Further Reflections from the Future Directions in Feminist Phenomenology Conference

By Katy Fulfer

Public attention to assisted death in medical contexts seems to be exploding. In June the Quebec legislature tabled a care-at-the-end-of-life bill that includes provisions for physician-assisted death. In the state of Washington, there was a 17% rise in the number of individuals who received a prescription for a legal dose of medication (not necessarily all people who received the prescription used it). In Belgium, where physician assisted death is legalized (and heavily regulated), the debate is turning to adolescent’s ability to request assisted death. A new Dutch report on the regulation of euthanizing terminally ill infants (legal in the Netherlands for almost a decade) is sparking renewed discussions about physicians’ decision-making.

Debates around assisted death often focus on the autonomy of patients. In the face of a terminal illness, with the pain or suffering those illnesses entail, patients can wield self-direction over their lives in choosing to die.

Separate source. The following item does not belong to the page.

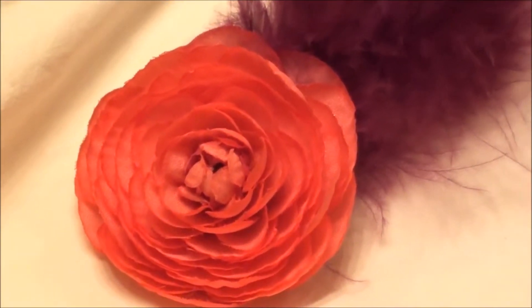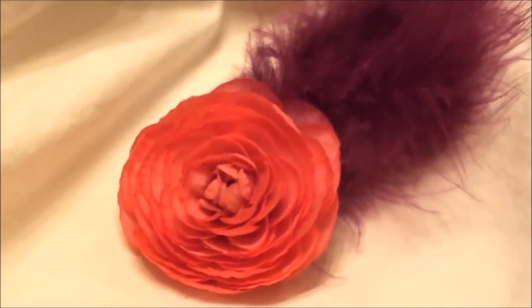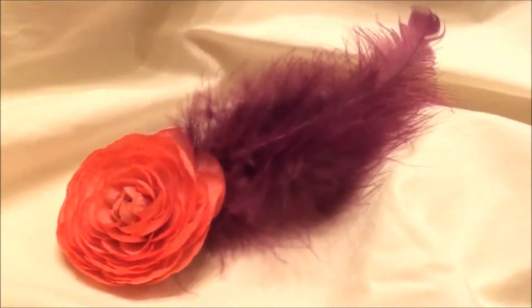Hey everyone, Flowers by T. Just wanted to show you this flower hair accessory. If you like flower accessories like I do, you're going to love this one.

Other arguments focus on the relational supports for autonomy. If a person with a disability is considering assisted-death, we are pushed to think about what social supports are made available that support viable, livable alternatives to death.

It seems as if the debate around physician-assisted death epitomizes the question of what it means to be human, and it pushes us to shape our conceptions of agency and autonomy that is responsive to people’s lived realities and the actual social institutions which shape our options for living. And yet, these seemingly quintessential bioethical questions are changing amidst the rise of biotechnology.

The Center for Genetics and Society is interviewing Prof. Donna Dickenson on July 16 about her knew book about biotechnology harnessed for the common good. In anticipation of this interview, I am returning to the talk Professor Christina Schües gave on feminist bio-phenomenology at the Future Directions in Feminist Phenomenology conference held at Western University in May. According to Schües, to answer the question about the meaning of life, we need feminist bio-phenomenology, not just feminist bioethics. A feminist bio-phenomenology would attend to how life takes place in relations and in time. Approaches to bioethics that focus only on principles of justice or tolerance or permissibility will be incomplete in fully answering the question of the meaning of life.

A feminist bio-phenomenology is especially relevant in relation to biotechnology, because biotechnology, Schües argues, changes the conditions of human experience. Schües traces a genealogy of bio-technical interventions to show how biotechnology in particular may change ways of experiencing the human condition. The promise of biotechnology is that humans will be able to share living material. Schües calls this paradigm of biotechnology the transhuman. This promise differs from previous biotechnological interventions that use non-biological material to help regulate or replace biological functions (for example, prosthetic limbs). One of the more challenging examples Schües provided was that of saviour siblings, children who are conceived and selected for to give blood or an organ to a sick sibling.

The question Schües poses for us is this: How do biotechnological interventions change the conditions of experience? This question resonates with me since I’ve just finished Marge Piercy’s science fiction classic, Woman on the Edge of Time, in which Connie (who lives in 1976 New York) is able to time travel to a completely gender-neutral, classless society in 2137. Connie also glimpses a technological dystopia in which all aspects of life are dominated by technology and access to it, and in which gender and class stratification are deeply ingrained in society. In contrast, the future egalitarian society has managed to keep technology at bay. People use it, but it doesn’t dictate their lives in the way it does in the techno-dystopia Connie visits. In the dystopia, in Gildina’s world, there is what Schües would call modernist biotechnological interventions, shaping nature, in this case women’s bodies to meet a set aesthetic standard, and there are post-modern interventions, enhancing human capacities with non-biological technology. But there is also the transhuman, where, Gildina suggests, people’s life expectancy has been genetically selected for, so that the privileged can expect long-lives and the lower classes will die “old” at 40.

In Luciente’s world, the egalitarian society, embryos are nurtured in artificial wombs, and reproduction does not occur through women’s bodies. Co-mothers (applied gender neutrally) are not necessarily genetically related to the children they raise. It is not only the dystopian society, however, that incorporates transhuman ways of using biotechnology, the sharing of biological material through the use of technology. Luciente reports, “Decisions were made forty years back to breed a high proportion of darker-skinned people and to mix the genes well through the population. At the same time, we decided to hold on to separate cultural identities. But we broke the bond between genes and culture, broke it forever. We want there to be no chance of racism again. But we don’t want the melting pot where everyone ends up with thin gruel. We want diversity, for strangeness breeds richness.”

Woman on the Edge of Time seems to echo Schües’s philosophical question: how do biotechnological interventions change the conditions of experience? Connie wrestles with this question, although it is not articulated, by observing how Luciente and Gildina live in their respective societies, about the relationships they have to others and to their culture. To answer the question, we need to return to experience, as Schües argues, we need a feminist bio-phenomenology.